A Justiça Eleitoral é responsável por organizar e administrar as eleições. É formada pelo Tribunal Superior Eleitoral (TSE), pelos tribunais regionais eleitorais (TREs), pelos juízes eleitorais e pelas juntas eleitorais. O TSE estabelece normas para as eleições, enquanto TREs, juízes e juntas exercem competências específicas nos estados e municípios.
A Justiça Eleitoral é responsável por organizar e administrar as eleições. É formada pelo Tribunal Superior Eleitoral (TSE), pelos tribunais regionais eleitorais (TREs), pelos juízes eleitorais e pelas juntas eleitorais. O TSE é o órgão máximo da Justiça Eleitoral e estabelece as normas das eleições, enquanto TREs, juízes e juntas exercem competências específicas nos estados e municípios.
O Ministério Público Eleitoral (MPE) também participa da fiscalização. Cabe à instituição atuar para assegurar o cumprimento da legislação eleitoral nas situações previstas em lei, desde o alistamento de eleitores até as etapas posteriores à votação. O MPE pode atuar, por exemplo, em questões relacionadas ao registro de candidaturas, ao abuso de poder econômico ou político e a crimes eleitorais, como a compra de votos.
Fiscalização vai além da Justiça Eleitoral
Partidos políticos, federações e coligações podem acompanhar a votação e a apuração dos resultados. Entidades privadas brasileiras sem fins lucrativos também podem participar da fiscalização e da auditoria dos sistemas eleitorais, desde que tenham atuação reconhecida na fiscalização e na transparência da gestão pública e sejam credenciadas pelo TSE, conforme as regras estabelecidas pela Justiça Eleitoral. Também podem participar departamentos de tecnologia da informação de universidades credenciadas pelo Tribunal.

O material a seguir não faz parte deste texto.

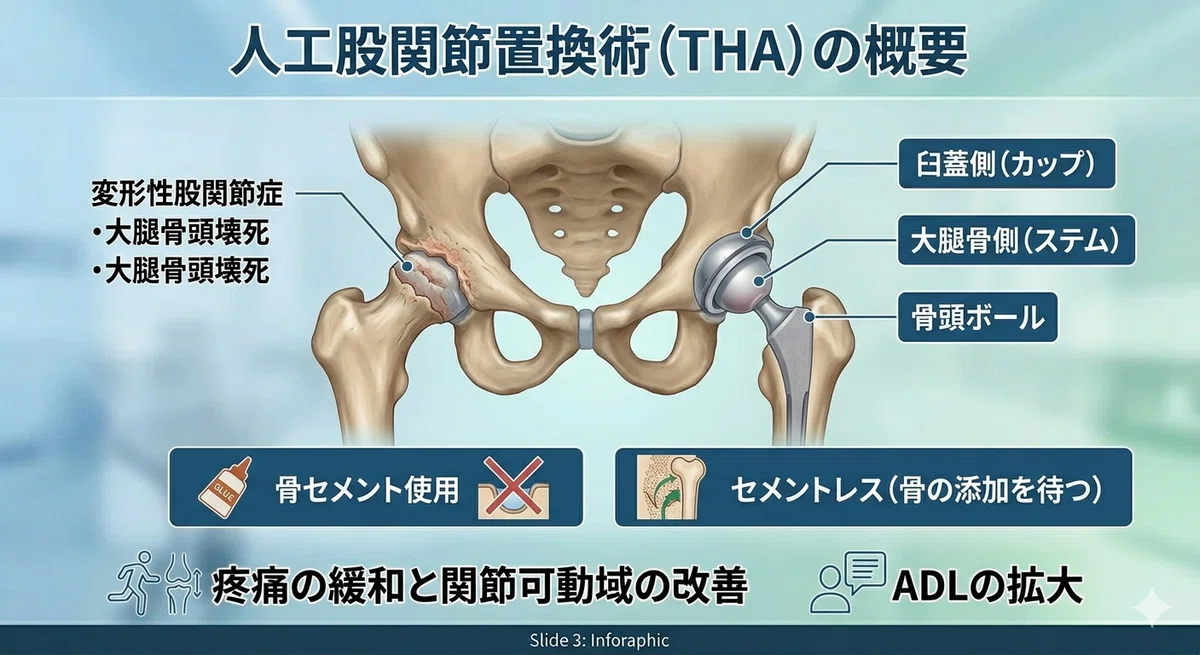 「そのまま使える！人工股関節術後の生活指導スライド集。脱臼予防と禁止肢位の根拠をわかりやすく …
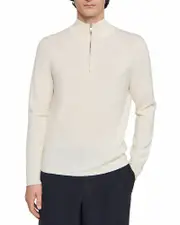 Sandro Wool Half Zip Sweater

As entidades autorizadas podem desenvolver programas próprios para verificar a integridade e a autenticidade dos sistemas eleitorais. Para isso, devem cumprir os requisitos técnicos e os procedimentos definidos pelo TSE. A Resolução do TSE 23.673/2021, atualizada por normas posteriores, apresenta a lista de entidades autorizadas a participar da fiscalização. Entre as entidades e instituições autorizadas estão:
- Ordem dos Advogados do Brasil (OAB);
- Ministério Público;
- Defensoria Pública;
- Congresso Nacional;
- Controladoria-Geral da União (CGU);
- Polícia Federal;
- Sociedade Brasileira de Computação (SBC);
- Conselho Federal de Engenharia e Agronomia (Confea);
- Conselho Nacional de Justiça (CNJ);
- Conselho Nacional do Ministério Público (CNMP);
- Tribunal de Contas da União (TCU);
- Confederação Nacional da Indústria (CNI);
- demais integrantes do Sistema Indústria e entidades corporativas do Sistema S.
As entidades fiscalizadoras podem acompanhar as etapas previstas na regulamentação e pedir esclarecimentos à Justiça Eleitoral. A participação ocorre de acordo com as atribuições de cada instituição e com as regras estabelecidas pelo TSE.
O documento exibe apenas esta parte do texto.